17 de junho de 2023 às 14h30 Por Heron Cid

Li a manchete no Portal MaisPB. Chequei em outros concorrentes. A curiosidade era para identificar a gravidade do crime cometido pelo “policial Caio”, ou “Caio da Federal”, para merecer desfecho da punição de uma sumária demissão, incomum no serviço público brasileiro, complacente com todo tipo de coisa.

Pergunto antes de continuar: você já viu por aí algum servidor público concursado ser exonerado, a não ser depois de anos de recursos e de ter cometido as piores atrocidades contra o erário?

Ao final da pesquisa sobre o processo, a constatação: Caio Márcio Ângelo de Sousa foi exonerado pelo ministro da Justiça, Flávio Dino, pelo uso indevido do cargo “com o fim, ostensivo ou velado, de obter proveito de natureza político-partidária, para si”. Argumento subjetivo e questionável para tão grave medida.

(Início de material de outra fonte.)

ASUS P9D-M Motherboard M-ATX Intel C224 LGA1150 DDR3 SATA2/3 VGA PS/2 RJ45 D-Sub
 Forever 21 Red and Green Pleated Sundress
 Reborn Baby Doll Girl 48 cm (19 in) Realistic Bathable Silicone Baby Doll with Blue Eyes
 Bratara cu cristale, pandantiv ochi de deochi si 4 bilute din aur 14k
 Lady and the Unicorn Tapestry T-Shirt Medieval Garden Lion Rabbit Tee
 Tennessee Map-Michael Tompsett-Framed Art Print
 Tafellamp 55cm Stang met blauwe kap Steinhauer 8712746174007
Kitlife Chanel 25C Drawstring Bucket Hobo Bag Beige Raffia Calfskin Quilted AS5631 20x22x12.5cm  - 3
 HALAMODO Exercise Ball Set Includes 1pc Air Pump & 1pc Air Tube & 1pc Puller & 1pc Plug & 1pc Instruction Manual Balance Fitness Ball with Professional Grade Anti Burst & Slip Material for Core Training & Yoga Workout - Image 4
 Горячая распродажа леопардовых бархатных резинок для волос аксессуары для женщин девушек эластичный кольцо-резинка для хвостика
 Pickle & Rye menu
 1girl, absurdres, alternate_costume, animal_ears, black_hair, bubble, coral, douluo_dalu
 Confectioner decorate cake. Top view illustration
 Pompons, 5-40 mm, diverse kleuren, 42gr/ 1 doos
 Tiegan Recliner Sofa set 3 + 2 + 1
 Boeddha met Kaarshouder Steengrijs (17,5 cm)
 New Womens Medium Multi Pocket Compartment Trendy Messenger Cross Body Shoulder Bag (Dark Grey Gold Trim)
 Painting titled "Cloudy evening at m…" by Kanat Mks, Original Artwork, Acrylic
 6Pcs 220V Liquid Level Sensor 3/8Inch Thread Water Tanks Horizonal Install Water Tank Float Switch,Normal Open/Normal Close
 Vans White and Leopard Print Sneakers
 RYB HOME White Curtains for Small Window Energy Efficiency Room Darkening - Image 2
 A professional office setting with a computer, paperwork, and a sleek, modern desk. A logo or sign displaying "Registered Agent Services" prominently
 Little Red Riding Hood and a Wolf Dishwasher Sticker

Pensei. Como agente de polícia com 26 anos de serviços, deve ter praticado extorsão ou corrupção, recebido propina, usado o cargo para perseguir e constranger adversários, revelado informações sigilosas de investigações ou armado operação para benefício próprio.

Não. Até onde se apura, o único “crime” foi ter usado a expressão “da Federal” como plataforma de pré-campanha. Advertido pelo Ministério Público Federal e Tribunal Regional Eleitoral, o agente passou a se valer do termo “policial Caio”.

Durante a campanha, um partidário fez um vídeo com a camisa contendo a expressão “Caio da Federal”, e o então candidato, inadvertidamente, repostou. Pronto. O MPF entendeu como reincidência, pediu e a Polícia Federal abriu processo administrativo, que culminou com parecer da Advocacia Geral da União e demissão pelo Ministério da Justiça. Nenhuma outra pena alternativa. Rua.

Se essa lógica prevalecer, milhares de candidatos, inclusive na Paraíba, não poderiam usar suas patentes como cartões de apresentação. Sargento Dênis ou Tenente Rebeca, por exemplo, são expressões que, implicitamente, os associam à Polícia Militar da Paraíba. É uso indevido da função?

Tenho divergências políticas com o policial escorraçado, e com ele já tive atritos até no campo profissional, mas ninguém precisa ter qualquer afinidade com o agente degolado para chegar a óbvia conclusão: bolsonarista contumaz, Caio está sendo alvo de explícita retaliação política pelo seu ostensivo apoio ao ex-presidente Jair Bolsonaro (PL).

A punição é tão radical e ideológica quanto Caio. Alguém, de verdade, acha que seu destino seria a demissão se o frágil alegado “uso do cargo” tivesse sido de um apaixonado militante e empedernido cabo eleitoral da campanha de Lula? Um governo que se diz “antifascista” escolhe atitude típica de um Mussolini contra um adversário.

Quem hoje aplaude essa desproporcional pena, por mero prazer pessoal ou vingança política, autoriza, involuntariamente, semelhante arbitrariedade quando a roda gigante da política gira. Para denunciar uma injustiça contra alguém ninguém precisa pensar igual ou partilhar das mesmas convicções. Basta ter senso crítico e de justiça.

Aliás, no Brasil, há algum tempo, já não importa o quê. Depende de quem.